Until recently, network engineer Hans Wolff had never needed skis for his work. Cables, hotspots, routers and more – for the ski races in Wengen, he had to use a backpack to get all his equipment to the right spots on the mountain. We visited him on site.

Evelyne Owa

January 19, 2023 . 3 minutes read

It’s seven o’clock on Saturday morning, five and a half hours before the start of the Lauberhorn race. There’s an alarm on Hans Wolff’s mobile – there’s been a power outage in the athletes’ waiting area. Hans rushes off. By train and skis, he makes his way to the site of the incident to get the Wi-Fi back on line. Here, at the valley station for the chairlift that takes the athletes up to the start, is also where Hans stores his replacement devices and cables.

«I can really feel the tension on race days,» says Hans. Because it’s down to him to make sure that the athletes can get important information from their coaches and teammates, that the organizing committee can decide whether to let the athletes ski the classic route and that the media can send in their articles. And this is his first time. Because since Sunrise has become the new main sponsor of Swiss-Ski, it’s not just the athletes’ racing suits that are new, but also the network infrastructure at the ski competitions in the Swiss mountains.

Hans Wolff’s materials store is right next to the area where the athletes prepare for the race.

Heavy work on the slope

Hans Wolff has spent more than a year planning, learning, coordinating and monitoring. On top of laying new Sunrise fiber-optic cables, the job involved setting up additional mobile antennae to improve network coverage. There’ll be huge data volumes during the event, since social media is used so heavily. The antennae also need to be linked to the fiber-optic network in order to function.

In addition, lots of temporary fiber-optic connections are required for competitions, such as to the media centers or VIP lounges. In Wengen, the installation of fiber optics meant difficult work on steep terrain. The pipeline for the main cable is located under the old Wengernalp railway track; the access points were covered by soil in some places and had to be cleared first. Everything was finally ready at the beginning of December 2022 – the Sunrise fiber-optic cable from Interlaken down in the valley up to the Lauberhorn finish area was operational.

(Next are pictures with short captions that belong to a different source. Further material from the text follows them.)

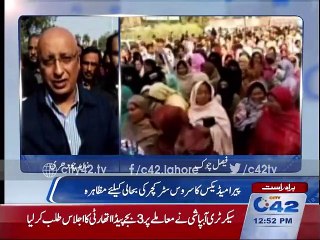 Faisal chowk: Paramedics protest for fulfiiling of their demands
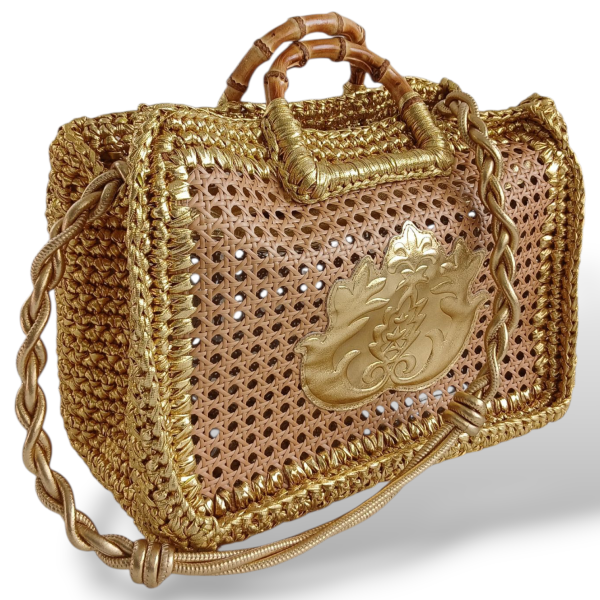 Maxi Bolsa Isla Duna Em Crochê Metalizado Ouro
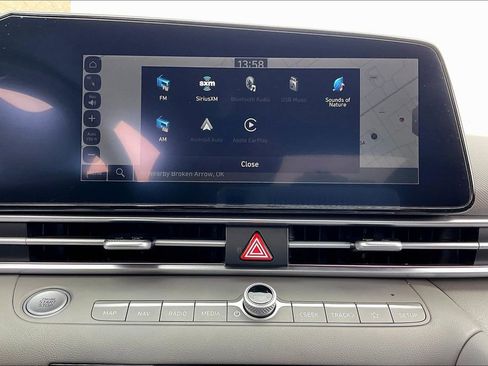 Used 2024 Hyundai Elantra SEL image 20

One of the new mobile antennae stands at the start of the Lauberhorn descent. The increased data volume can only be managed thanks to the extra antennae.

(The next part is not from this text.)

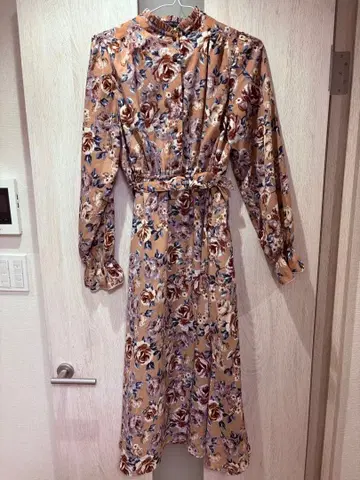 플로럴 프린트 긴팔 원피스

The four new antennae had to be transported to their locations by helicopter. The two antennae at the start and finish lines are fixed, as is the one in the World Cup village, where fans and athletes meet to celebrate and watch the award ceremonies. Hans and his team started building the temporary infrastructure for the Lauberhorn races in early December. Making up for all the hours of overtime were the many pleasant moments, such as a helicopter flight or the ski trips to the Sunrise antennae.

100% operational

We’re back at the athletes’ marquee, and it’s still nearly empty at this early hour. With skilled movements, Hans reactivates the devices and checks his mobile phone to make sure everything’s working again. A special app gives him the information he needs – as well as an overview, it shows him the data for every single device that’s in use at the Lauberhorn, from hotspots to switches, access points and routers.

Hans Wolff can check the network via the app. If a device fails, he’s immediately sent an alarm.

Slowly, the first athletes are starting to arrive, helping themselves to the buffet, watching Sunrise TV or scrolling through their mobiles. The network works flawlessly, with all devices online according to the app. With a sigh of relief from Hans, it’s finally time for him to enjoy his first coffee of the day.

Spectacular viewing terrace

During the downhill event, Hans makes a detour up to the «Loube» at the Hundschopf. The terrace directly overlooking the race piste gives the best views of the spectacular Hundschopf jump, and offers a unique experience for up to 50 Sunrise customers. Here, too, there are TV sets so that guests can follow the athletes’ entire race, as well as a mobile hotspot for cashless payments at the bar – brought here by Hans on skis.

Hans also had to fit the spectacular viewing terrace on the Hundschopf with Wi-Fi.

Hans doesn’t have long to enjoy the impressive view from the «Loube». At the end of the race it’ll be time for him to head back to the materials store and pop his kit into his backpack. With kilos of gear on his back, he skis down to Wengen.

His conclusion: «It couldn’t have gone any better.» 1,100 devices were logged into the Sunrise Wi-Fi network over the Wengen race weekend, and 5,500 gigabytes of data were transferred. What remains is improved Internet and mobile-network coverage. «Locals and holidaymakers will both benefit from these improvements in future.»